BEGIN

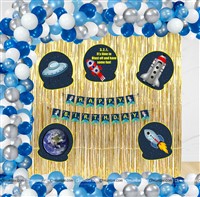 Space Foil Curtain Kit (Pack of 109 pcs) 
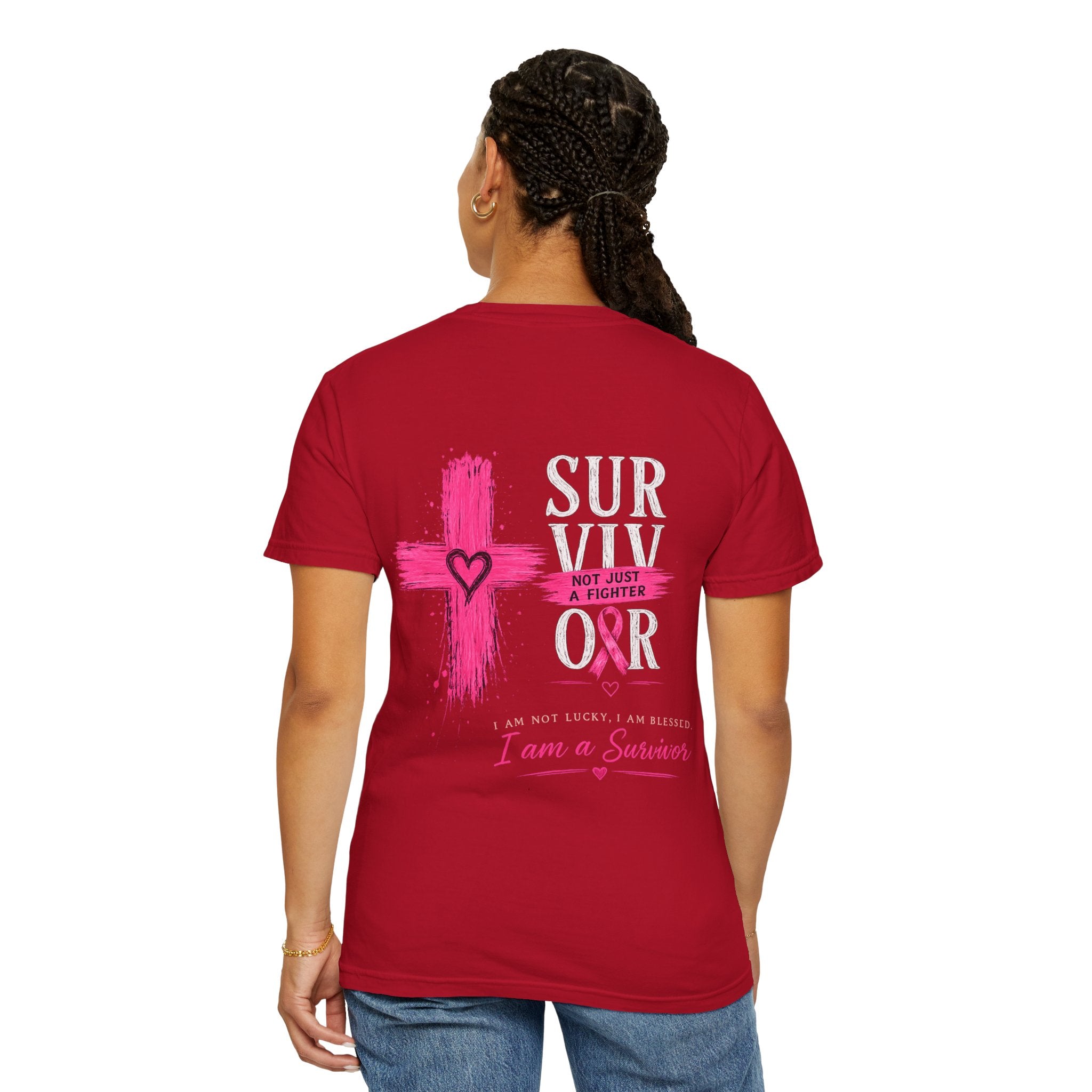 Breast Cancer Survivor T-Shirt — 'Survivor' Pink Ribbon Awareness Tee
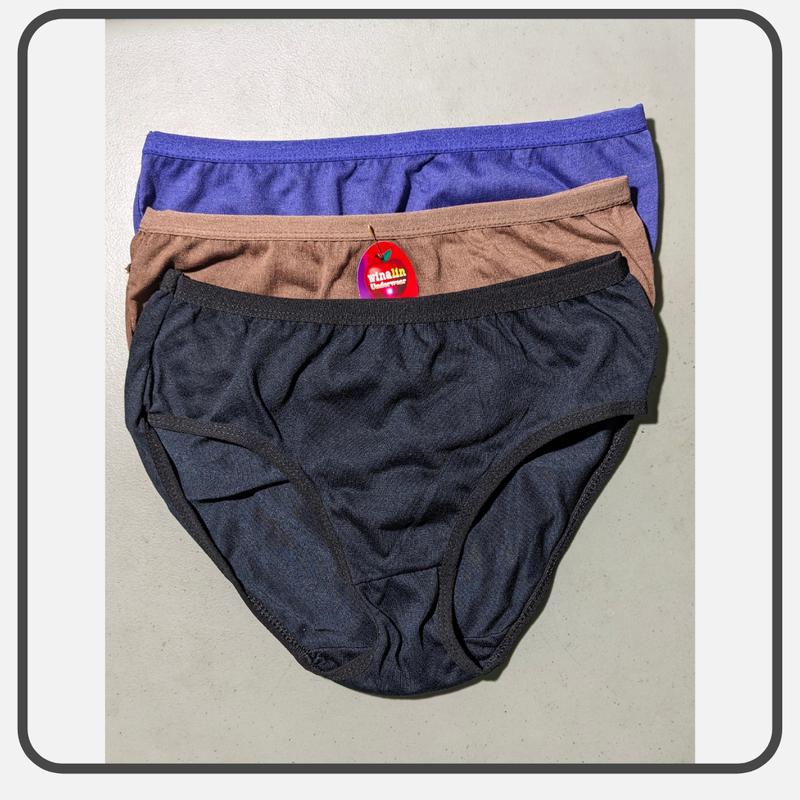 Paket Bundle 3 Pcs CD Winalin Gelap Celana Dalam Wanita Bahan Katun Size M L XL XXL-5L 3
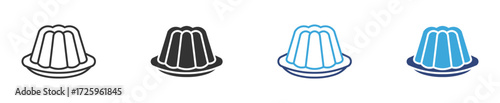 Jelly icon set,  jelly dessert icon, vector illustration . 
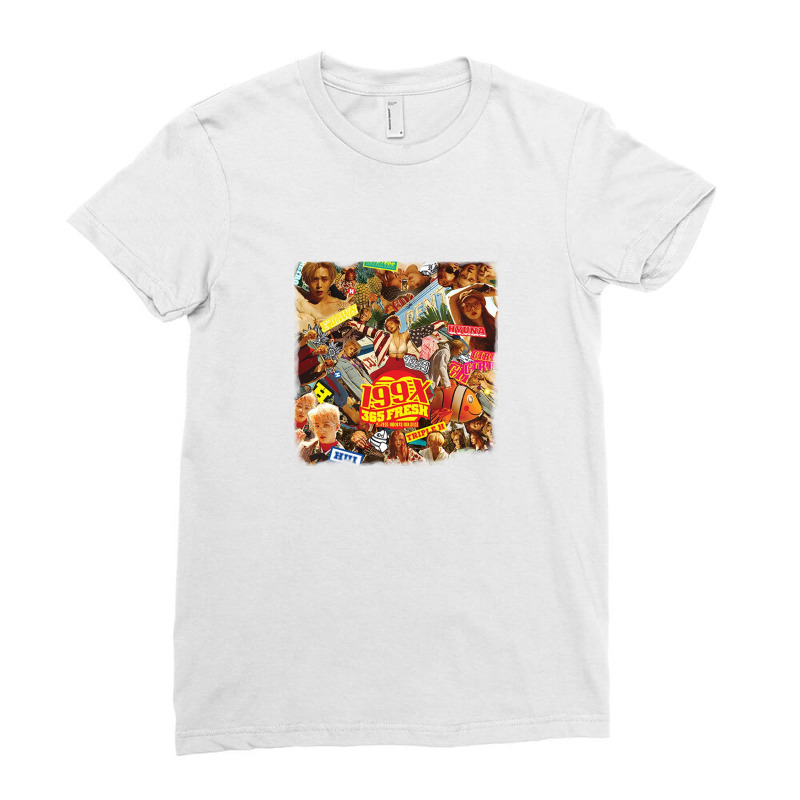 Vintage Poster Ladies Fitted T-Shirt by LemahTeles | Artistshot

END

What this task involves:
The entries are to be written out again exactly, though without any images.

Your solution:
 Space Foil Curtain Kit (Pack of 109 pcs) 
 Breast Cancer Survivor T-Shirt — 'Survivor' Pink Ribbon Awareness Tee
 Paket Bundle 3 Pcs CD Winalin Gelap Celana Dalam Wanita Bahan Katun Size M L XL XXL-5L 3
 Jelly icon set,  jelly dessert icon, vector illustration . 
 Vintage Poster Ladies Fitted T-Shirt by LemahTeles | Artistshot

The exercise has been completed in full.